I am not coping well with the changes life has thrown me in the last 10 days. Curly is becoming more withdrawn and distant. It seems as if nothing I do can help him. In turn, I am not handling that very well at all. He has been ‘my person’ for almost the last six years. Whenever I have good [or bad] things happen, he is the first one I turn to. Now, whatever I have going on in my life is in no way as difficult/draining. ect as what is going on in his life [loss of a parent, being a parent, dealing with lawyers and inheritance issues.] I am thankful, for his sake, that he does not work at the hospital anymore. I just don’t think he could do it right now.
Back to my crisis: I am having one of those Do I really want to persue medicine? moments. Right now, all I want to do is hang out with Kaos [and Curly when he lets me]. I don’t want to go to class. I don’t want to go to work. I don’t want to go to the gym. I don’t even want to hang out with friends. [Note: Just want to make clear that I DO go to work; I just don't want to.]
Question 1: Could I be happy being a respiratory therapist for the next 35+ years? I think the answer to that question is No–at least not in the Greenville area. There are just too many things that I don’t like about working here [If I felt like relocating back to Durham, maybe things would change, but as much as I like working at Duke, I hated living in Durham]. There are also issues with the entire profession–will it stay or will it go? There seems to be a lot of debate amongst health care managers and admins and especially in smaller hospitals, the respiratory department is often seen as a luxury [I have seen this first hand where I have literally sat on my ass for an entire 12 hour shift, and for example today the hospital where I used to work <adults> has only 9 patients in the middle of the week]
Question 2: Do I want to give up my life for the next 8 years to study medicicne? It seems strange that even with all the education I currently have, it will still take me another 4 years of education <without income> before I start working as a resident <making about what I make now> and a full 8 years from now until I become a ‘full physician’. That would put in my early 40′s before I am a physician. I’d still have 25+ years of work left in me, and I would rather ‘use my mind’ instead of my body.
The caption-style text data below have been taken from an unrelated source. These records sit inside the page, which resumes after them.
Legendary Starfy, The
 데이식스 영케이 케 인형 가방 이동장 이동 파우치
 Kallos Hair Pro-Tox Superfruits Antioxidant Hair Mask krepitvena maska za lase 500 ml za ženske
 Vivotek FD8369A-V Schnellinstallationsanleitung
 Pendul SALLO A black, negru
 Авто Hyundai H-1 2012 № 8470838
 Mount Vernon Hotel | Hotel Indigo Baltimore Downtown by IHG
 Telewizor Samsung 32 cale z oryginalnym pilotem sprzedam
Oh yea, and if I decided to do a speciality [ I like Developmental/Behavorial Pediatrics] that is about 3 more years of training after doing a 3 year residency.
The main issue I have with going to medical school is I want to establish some roots [even if it is micro roots] somewhere-preferably in the Greenville/Spartanburg area. I want to buy a house, fix it up, and have a life. I want to get married [not have kids] and enjoy my adulthood. Can I do this in medical school/residency? I don’t know. Others have; others have not.
In a perfect world I would get accepted to medical school early enough to buy a house, work on it, and be ready to start school next year . Alas the world is not perfect.
Question 3: I enjoy my lifestyle. I enjoy being able to send Kaos off to [boarding camp] and go on vacations for a couple of weeks at a time. This will not be possible while I am in medical school [no job=no travel] and only limited as a resident/physician due to actually having a job. [OK, that's not really a question, but more of a statement]
I haven’t made any decisions, but at least I feel better getting that out there.